Saturday, 1 December 2012

The Enigma of Being Australian

By Ruth Skilbeck

Throughout the posts on this media publication site made since its inception in the last days of April 2011, as author and editor,  I have followed a theme of flight which has emerged from the spaces beyond words in my sleep and in my dreams of writing, such a poetic not usually articulated in contemporary journalism however did drive the early journalistic writings of Romantic poets such as Thomas de Quincey in the early 19th century, as the inhabitants of the British Isles struggled to adjust to the changes of industrialisation that- historically and culturally - brought into being the era of modernity and in arts the era of modernism that reflected the alienation of the individual in modernity.
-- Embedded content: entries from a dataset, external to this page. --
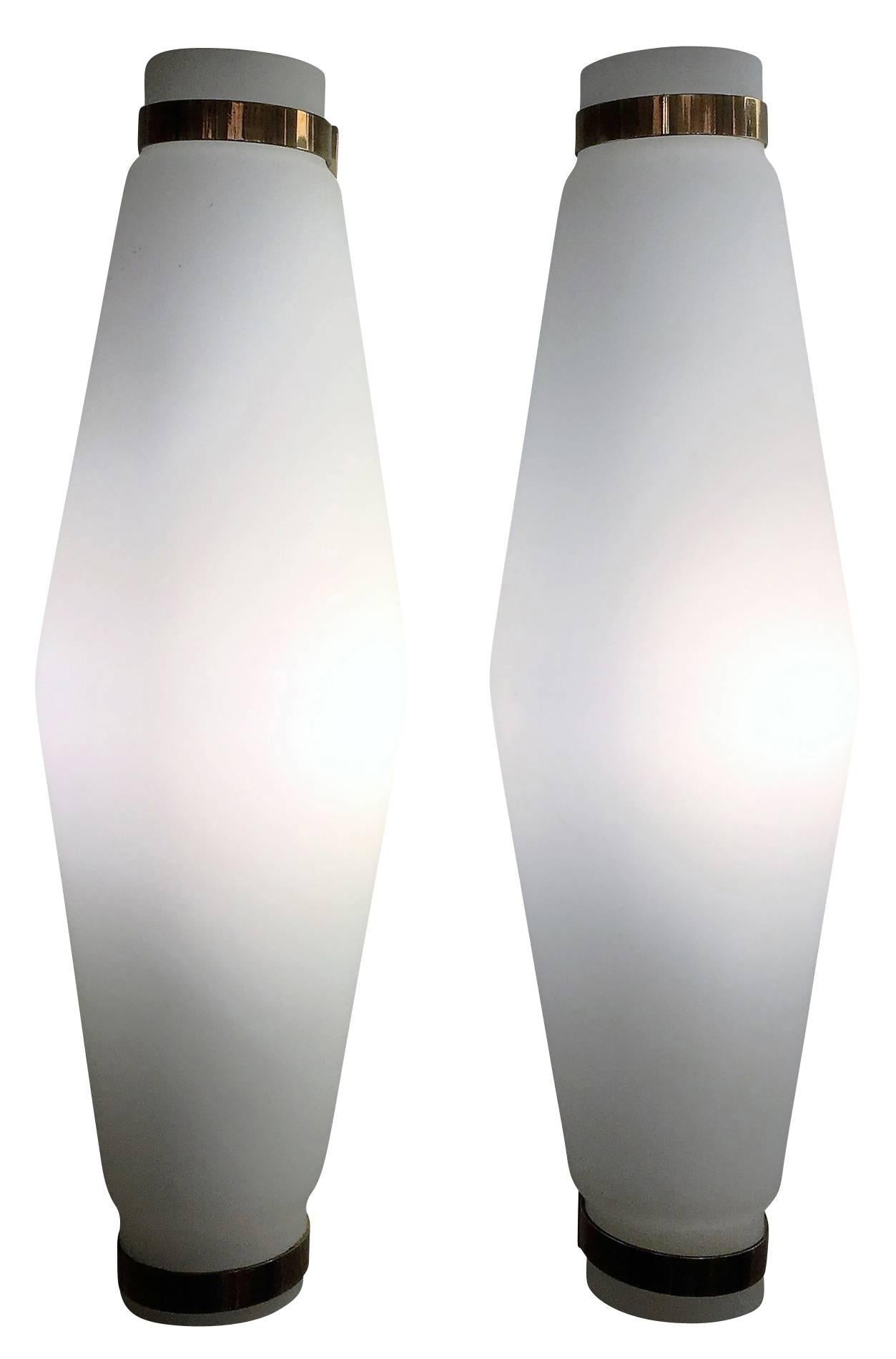 Pair of Elongated Italian Mid-Century Sconces In Excellent Condition In New York, NY
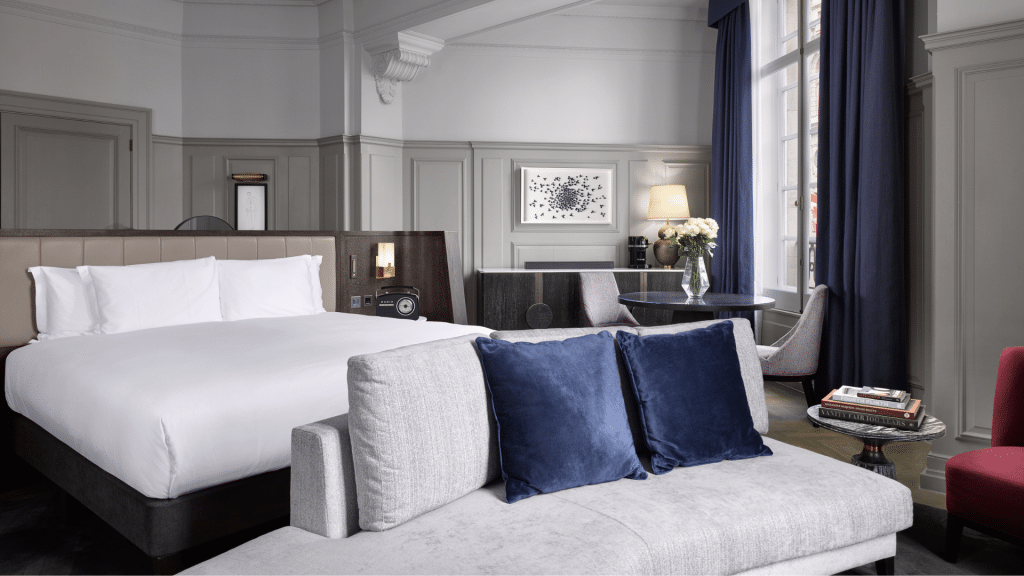 The Trafalgar St. James London Signature Suite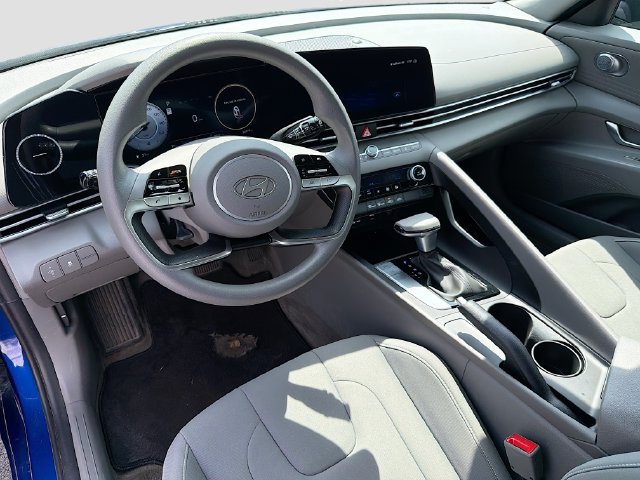 Used 2024 Hyundai Elantra SEL FWD image 9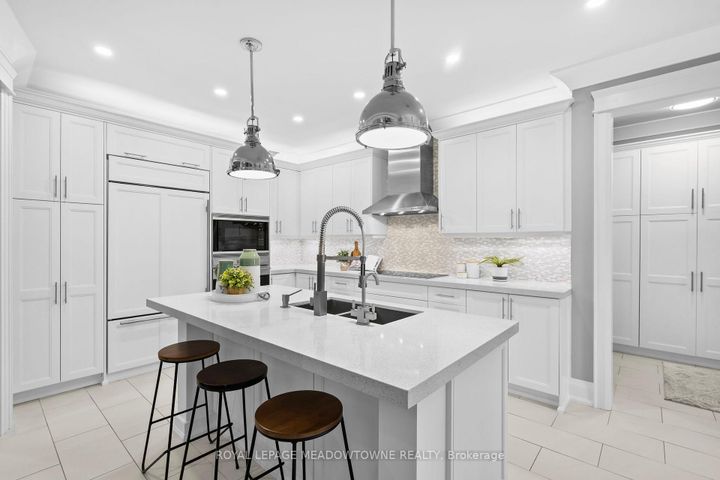 Photo 11 at 729 Wettlaufer Terrace, SC Scott, Milton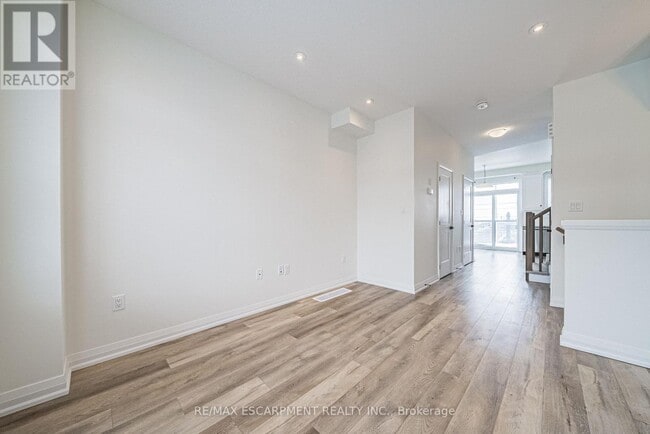 Building Photo - 120 Court Dr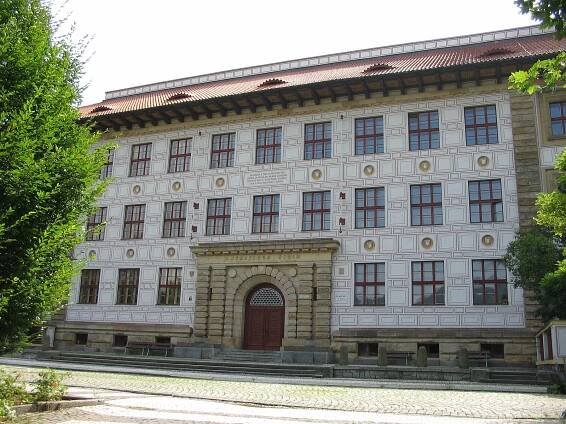 Soubor:Základní škola T. G. Masaryka, Sušice.jpg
Part of the enterprise of industrialised modernity was colonialism, and colonial exploration and discovery- and "conquest" of "indigenous" peoples was part of this power trip as it may now appear retrospectively.
As I have written into this online media publication,  I have voiced some impressions from my perspective as an Australian, and emotionally driven writings about the experience of finding out about my family history  in the wider history of Australian colonialism, and family histories which make up the body of writings that is known as colonial history in Australia.
I have not directly found any traces of indigenous or Aboriginal family in my research into my own family history on my mother line, which remains mysterious and enigmatic.

What I have found I shall publish in the future in this publication.

Meanwhile I shall say that this has made me profoundly sympathetic to the struggles of all who were affected by the Stolen Generations, and that as far as I am concerned this deeper cultural impact is greater than the enforced divisions of "aboriginal" and settler in the history of being Australian.